CONNEXION OF WORDS—THE WORD "FREIGHT."
The word employed to denote freight, or rather the price of freight, at this day in the principal ports of the Mediterranean, is nolis, nolo, &c. In the Arabian and Indian ports, the word universally employed to denote the same meaning is nol. Are these words identical, and can their connexion be traced? When we consider the extensive commerce of the Phœnicians, both in the Mediterranean and Indian seas, that they were the great merchants and carriers of antiquity, and that, in the words of Hieron, "their numerous fleets were scattered over the Indian and Atlantic oceans; and the Tyrian pennant waved at the same time on the coasts of Britain and on the shores of Ceylon"—it is natural to look to that country as the birthplace of the word, whence it may have been imported, westward to Europe, and eastward to India, by the same people. And we find that it is a pure Arabic word,
نول
nawil and
نولن
nawlun, or nol and nolan, both signifying freight (price of carriage), from the root
نوه
noh, pretium dedit, donum. I am not aware that the word freight (not used in the sense of cargo or merchandise, but as the price of carriage of the merchandise, merces pro vectura) is to be found in the Old Testament, otherwise some light might be thrown on the matter by a reference to the cognate Hebrew word.
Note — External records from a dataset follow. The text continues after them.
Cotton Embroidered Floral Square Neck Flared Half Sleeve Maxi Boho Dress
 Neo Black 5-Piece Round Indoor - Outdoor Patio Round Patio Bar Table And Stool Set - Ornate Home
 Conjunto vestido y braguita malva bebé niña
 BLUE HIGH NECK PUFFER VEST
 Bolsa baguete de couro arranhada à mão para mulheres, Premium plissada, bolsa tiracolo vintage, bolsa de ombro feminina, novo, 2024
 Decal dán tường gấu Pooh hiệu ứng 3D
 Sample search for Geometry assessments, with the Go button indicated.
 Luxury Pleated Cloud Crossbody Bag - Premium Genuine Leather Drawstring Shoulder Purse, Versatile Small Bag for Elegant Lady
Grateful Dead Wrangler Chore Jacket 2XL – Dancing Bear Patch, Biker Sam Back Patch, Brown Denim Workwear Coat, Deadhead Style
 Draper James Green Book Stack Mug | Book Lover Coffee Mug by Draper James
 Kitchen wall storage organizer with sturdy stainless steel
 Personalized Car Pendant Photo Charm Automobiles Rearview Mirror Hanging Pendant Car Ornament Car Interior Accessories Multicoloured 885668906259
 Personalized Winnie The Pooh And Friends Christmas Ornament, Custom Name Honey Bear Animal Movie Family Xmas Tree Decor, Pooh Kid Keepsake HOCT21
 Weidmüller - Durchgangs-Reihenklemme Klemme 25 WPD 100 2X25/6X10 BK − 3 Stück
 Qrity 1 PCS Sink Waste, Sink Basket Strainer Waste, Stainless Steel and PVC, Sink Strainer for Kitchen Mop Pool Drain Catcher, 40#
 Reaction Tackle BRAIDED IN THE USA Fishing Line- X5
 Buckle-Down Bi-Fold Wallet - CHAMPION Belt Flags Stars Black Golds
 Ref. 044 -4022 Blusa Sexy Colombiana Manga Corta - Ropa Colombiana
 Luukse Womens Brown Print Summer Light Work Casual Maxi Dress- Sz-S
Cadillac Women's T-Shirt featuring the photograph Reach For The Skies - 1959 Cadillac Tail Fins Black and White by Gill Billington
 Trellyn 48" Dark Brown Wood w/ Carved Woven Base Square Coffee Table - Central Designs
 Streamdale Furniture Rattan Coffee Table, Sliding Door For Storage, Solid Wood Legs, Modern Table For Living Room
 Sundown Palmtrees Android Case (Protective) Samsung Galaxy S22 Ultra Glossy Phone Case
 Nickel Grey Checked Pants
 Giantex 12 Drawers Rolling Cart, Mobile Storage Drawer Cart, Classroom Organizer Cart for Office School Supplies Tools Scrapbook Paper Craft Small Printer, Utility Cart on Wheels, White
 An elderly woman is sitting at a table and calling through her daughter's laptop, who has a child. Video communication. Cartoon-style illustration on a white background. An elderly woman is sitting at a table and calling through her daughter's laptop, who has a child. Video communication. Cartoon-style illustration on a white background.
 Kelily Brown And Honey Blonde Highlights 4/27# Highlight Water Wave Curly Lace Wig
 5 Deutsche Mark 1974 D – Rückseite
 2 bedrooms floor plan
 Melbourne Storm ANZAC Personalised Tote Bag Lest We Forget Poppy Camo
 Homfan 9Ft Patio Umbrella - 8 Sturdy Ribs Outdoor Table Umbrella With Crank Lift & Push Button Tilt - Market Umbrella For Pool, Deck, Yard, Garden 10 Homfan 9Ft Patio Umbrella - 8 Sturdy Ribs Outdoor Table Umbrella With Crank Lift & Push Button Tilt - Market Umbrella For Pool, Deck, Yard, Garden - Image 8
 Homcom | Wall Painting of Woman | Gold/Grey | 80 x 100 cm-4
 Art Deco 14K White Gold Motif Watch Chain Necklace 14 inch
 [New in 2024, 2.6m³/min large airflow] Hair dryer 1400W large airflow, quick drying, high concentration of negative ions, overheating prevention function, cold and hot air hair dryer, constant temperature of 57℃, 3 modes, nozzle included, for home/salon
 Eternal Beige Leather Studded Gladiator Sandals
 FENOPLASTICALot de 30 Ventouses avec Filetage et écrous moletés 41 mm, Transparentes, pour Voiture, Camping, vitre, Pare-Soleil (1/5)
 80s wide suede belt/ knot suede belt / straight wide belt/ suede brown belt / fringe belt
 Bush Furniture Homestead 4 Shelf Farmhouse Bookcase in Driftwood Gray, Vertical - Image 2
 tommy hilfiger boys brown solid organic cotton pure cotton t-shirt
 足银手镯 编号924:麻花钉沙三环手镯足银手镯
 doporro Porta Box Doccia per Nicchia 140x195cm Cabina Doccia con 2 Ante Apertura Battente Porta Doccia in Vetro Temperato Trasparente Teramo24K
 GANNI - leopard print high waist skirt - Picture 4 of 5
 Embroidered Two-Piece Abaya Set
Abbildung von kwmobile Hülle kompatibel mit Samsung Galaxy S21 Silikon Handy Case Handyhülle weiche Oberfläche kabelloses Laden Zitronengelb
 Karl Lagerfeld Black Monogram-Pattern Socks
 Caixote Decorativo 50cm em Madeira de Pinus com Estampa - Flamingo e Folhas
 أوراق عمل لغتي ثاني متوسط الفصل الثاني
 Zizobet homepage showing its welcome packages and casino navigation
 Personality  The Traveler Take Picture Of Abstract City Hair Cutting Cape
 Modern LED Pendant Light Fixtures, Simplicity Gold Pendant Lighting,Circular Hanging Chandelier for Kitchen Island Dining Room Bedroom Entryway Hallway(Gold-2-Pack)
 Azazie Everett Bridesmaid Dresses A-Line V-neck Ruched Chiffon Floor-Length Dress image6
But here an interesting question presents itself. The word freight in Greek is ναῦλος or ναῦλον, and in Latin naulum. Have these any connexion with the Arabic word, or are they to be traced to an independent source, and the coincidence in sense and sound with the Arabic merely accidental? If distinct, are the words now in use in the Mediterranean ports derived from the Greek or the Arabic? If the words be not identical, may not the Greek be derived from the Sanscrit, thus
nau, or in the pure form
nawah, or resolved, naus, a ship or boat;
nauyáyin quasi nouyáyil, or abbreviated naul, that which goes into a ship or boat, i.e. freight, fare, or, by metonyme, the price of freight, or passage-money. It is to be noted that nolis, though in general use in the Mediterranean ports (Marseilles, for example) to denote the price of freight, or of carriage, is not so in the northern parts of France. At Havre the word is frêt, the same as our freight, the German fracht, viz. that which is carried or ferried, and, by metonyme, as before, the price of carriage.
J. Sh.
Bombay.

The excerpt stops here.